Requirement: Once you find the line with "10pcs/Lot Power Inductor" in the entries below, print it and each line after it up to and including the line with "JOHN LEGEND - DARKNESS", exactly, without pictures.

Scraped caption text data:
##########

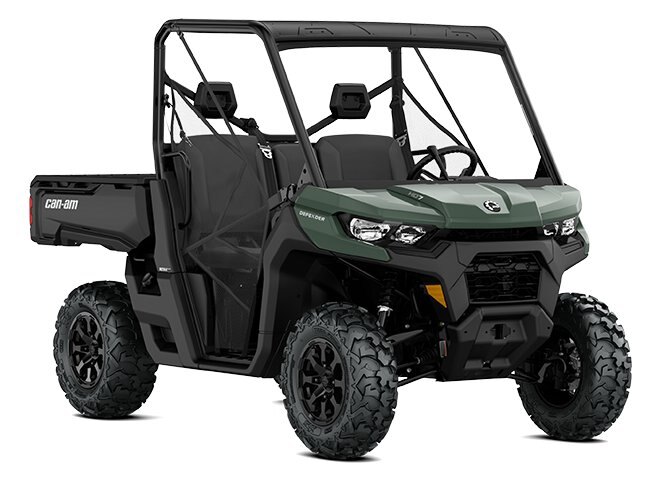 2027 Can Am Defender DPS HD7 COMPASS GREEN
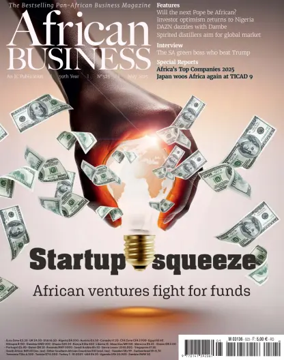 Cover of African Business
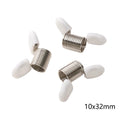 1 Pcs Beads Stopper Spring Clamps Creative Bead Wire End Jewelry Making Tool, DIY Bracelet Necklace Tool Accessory for Handmade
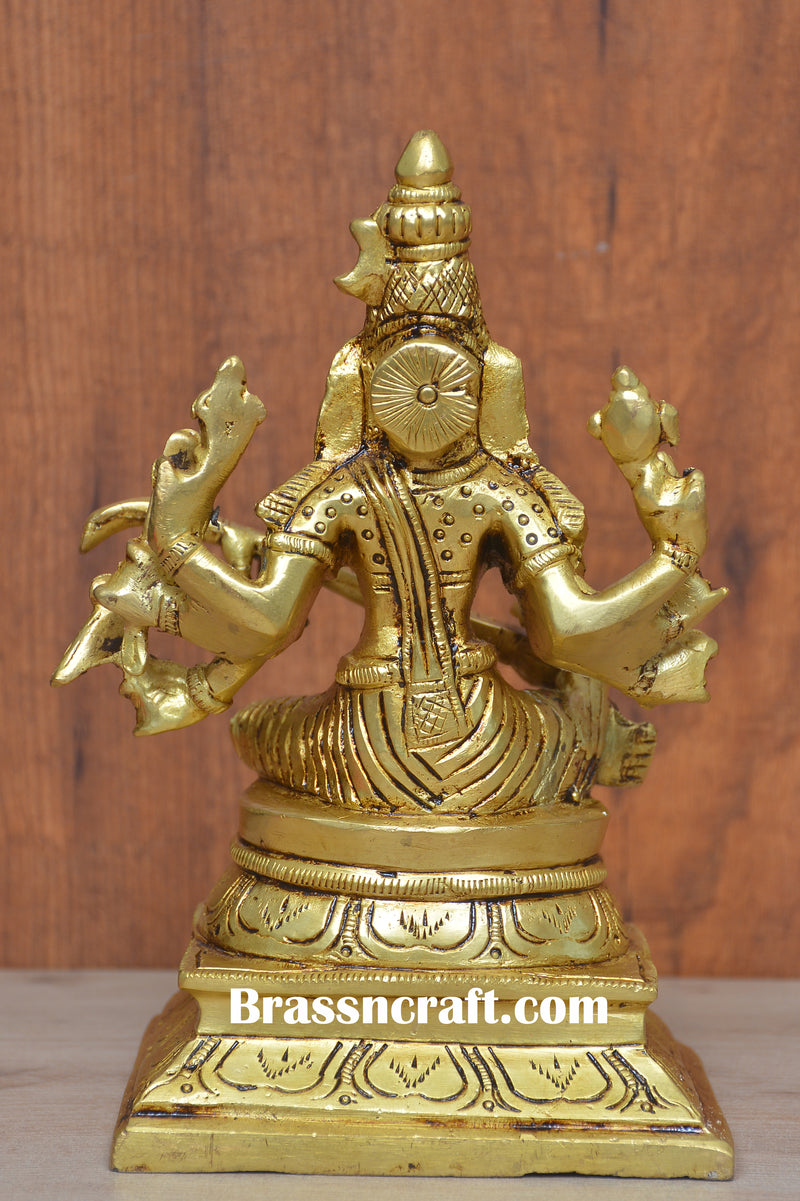 Brass Matangi Devi Idol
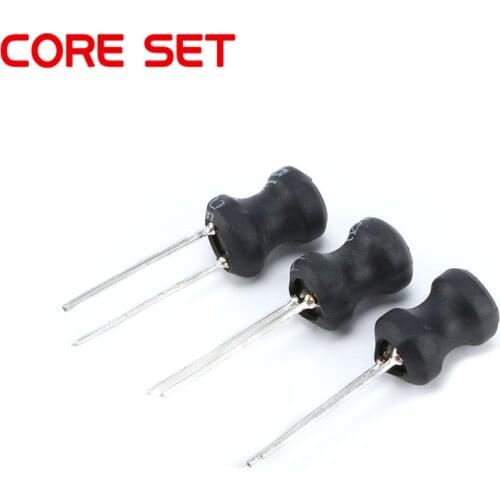 10pcs/Lot Power Inductor 9x12mm 10uh 33uh 47uh 68uh 100uh 150uh 220uh 330uh 470uh DR CORE Inductors Word
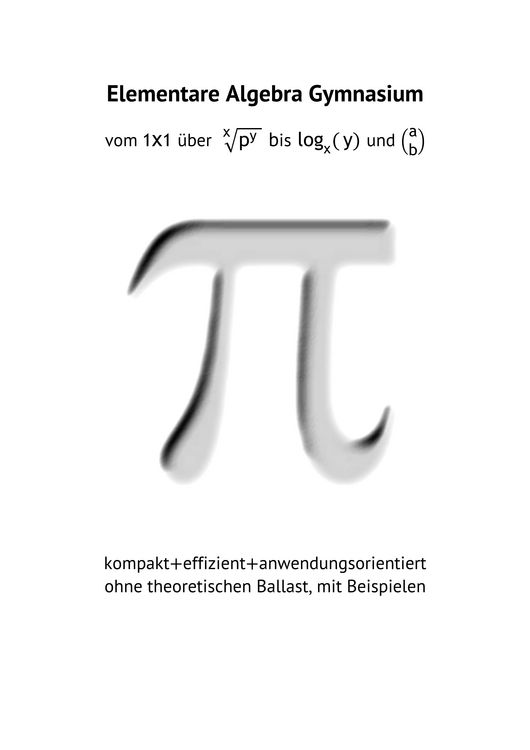 Produktbild: Elementare Algebra Gymnasium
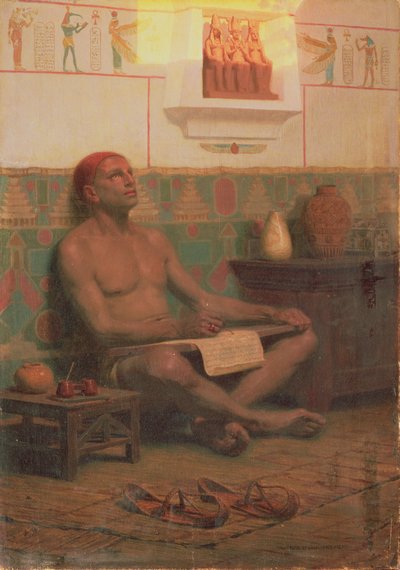 王室書記ラー・ホテプ 作： Stefan Vladislavovich Bakalowicz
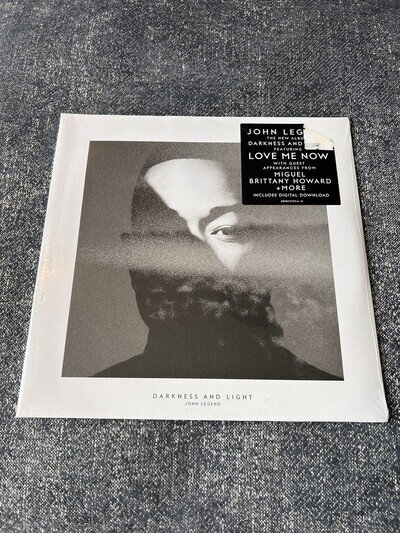 JOHN LEGEND - DARKNESS AND LIGHT - VINYL 2 X LP NEW SEALED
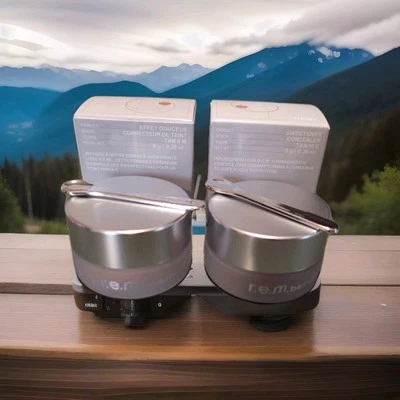 (2) R.e.m. Beauty Sweetener Concealers - TAN 6W - TAN 10C  0.28 oz New  - Image 1 of 2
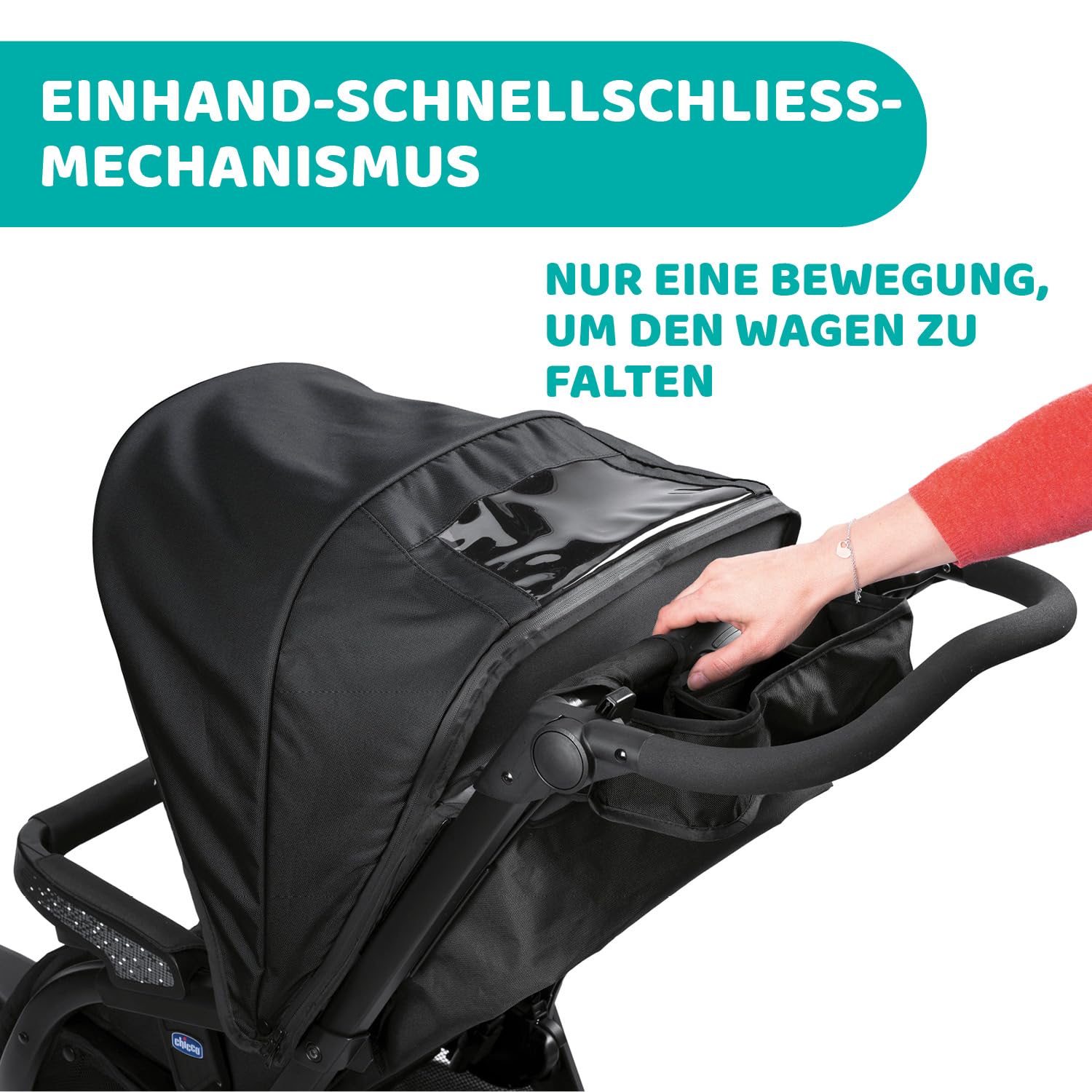 chicco-activ3-kinderwagen-3-rad-jet-black-0-monate image 3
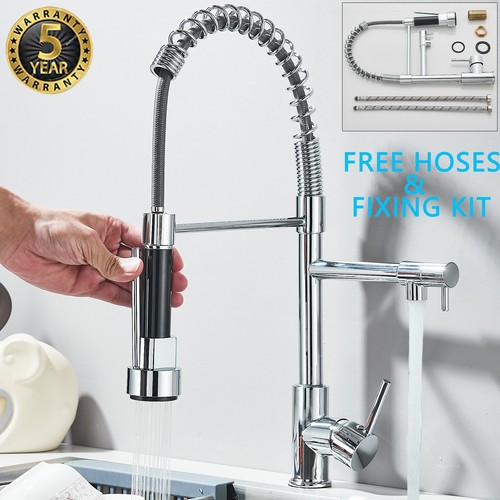 Kitchen sink mixer taps pull - kitchen,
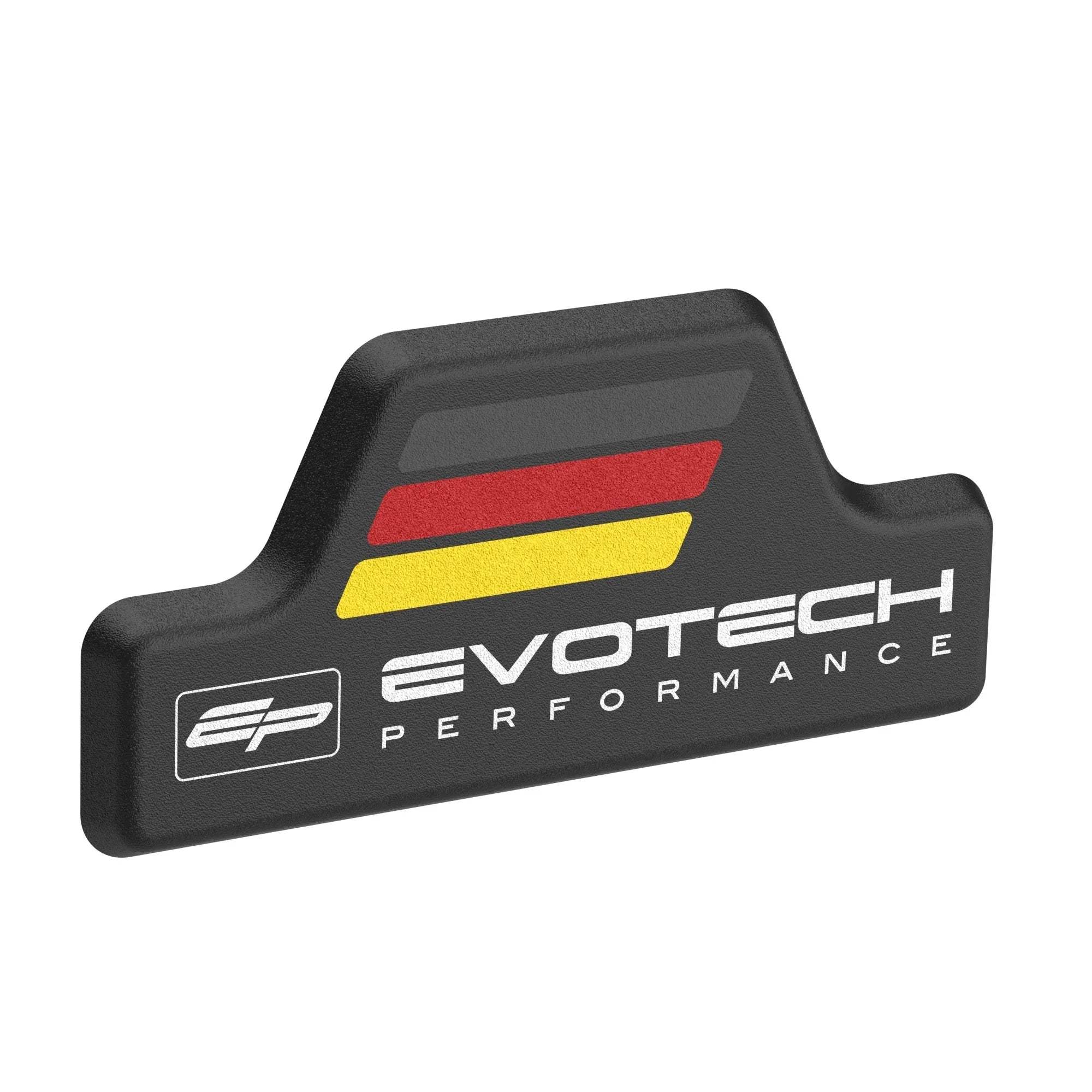 Evotech Performance Replacement Radiator Guard Badge - German (T-Shape) - Accessories | Evotech Performance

##########

Exercise answer:
 10pcs/Lot Power Inductor 9x12mm 10uh 33uh 47uh 68uh 100uh 150uh 220uh 330uh 470uh DR CORE Inductors Word
 Produktbild: Elementare Algebra Gymnasium
 王室書記ラー・ホテプ 作： Stefan Vladislavovich Bakalowicz
 JOHN LEGEND - DARKNESS AND LIGHT - VINYL 2 X LP NEW SEALED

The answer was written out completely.